### Activity
The pictures get dropped, while every remaining part of the listing is copied exactly.

### Information provided
════════════════

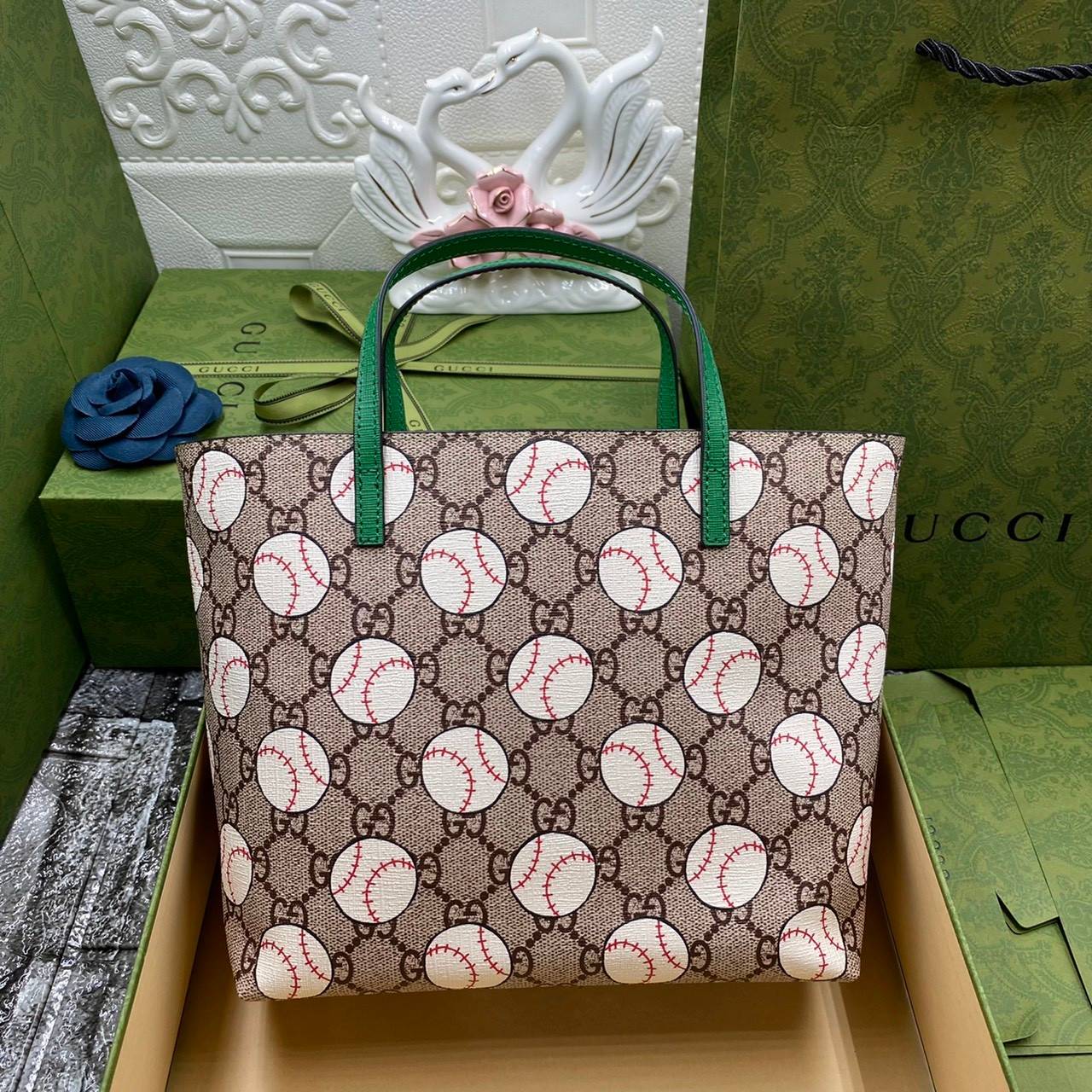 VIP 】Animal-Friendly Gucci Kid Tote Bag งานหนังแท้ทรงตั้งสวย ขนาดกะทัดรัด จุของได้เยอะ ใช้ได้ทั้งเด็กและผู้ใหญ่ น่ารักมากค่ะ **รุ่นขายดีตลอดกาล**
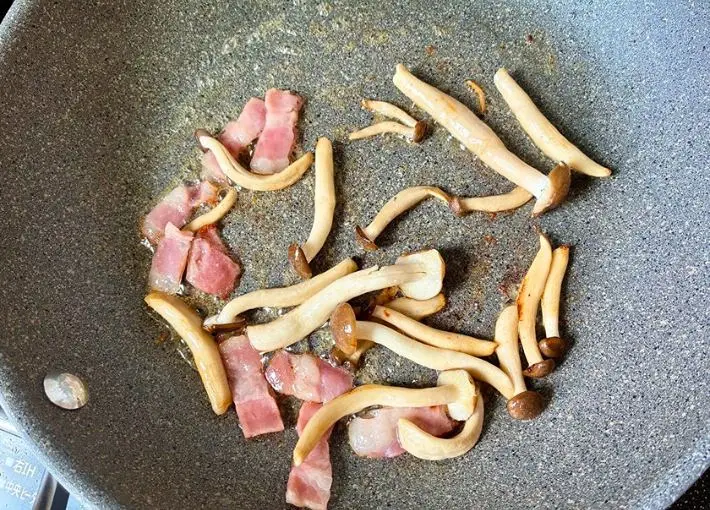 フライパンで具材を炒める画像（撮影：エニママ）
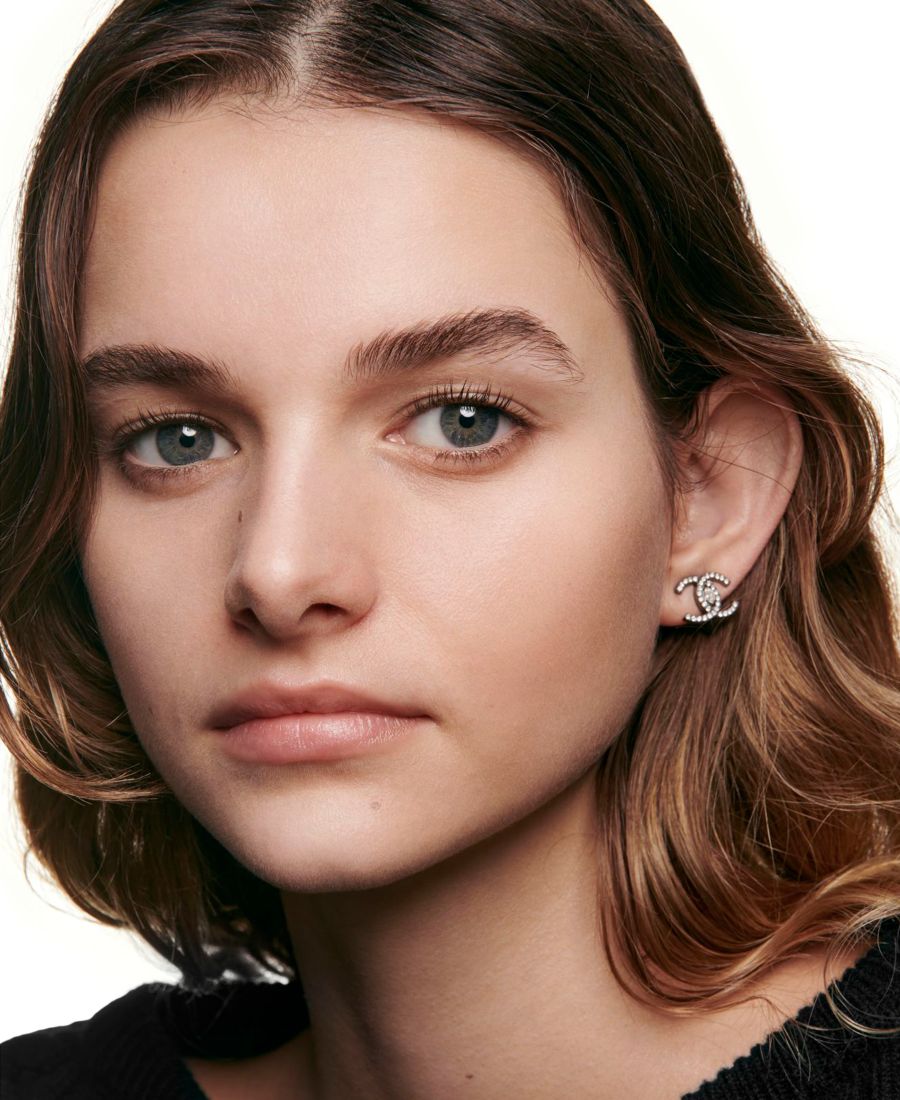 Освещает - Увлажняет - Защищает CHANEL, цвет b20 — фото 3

════════════════

### Result of the exercise
 VIP 】Animal-Friendly Gucci Kid Tote Bag งานหนังแท้ทรงตั้งสวย ขนาดกะทัดรัด จุของได้เยอะ ใช้ได้ทั้งเด็กและผู้ใหญ่ น่ารักมากค่ะ **รุ่นขายดีตลอดกาล**
 フライパンで具材を炒める画像（撮影：エニママ）
 Освещает - Увлажняет - Защищает CHANEL, цвет b20 — фото 3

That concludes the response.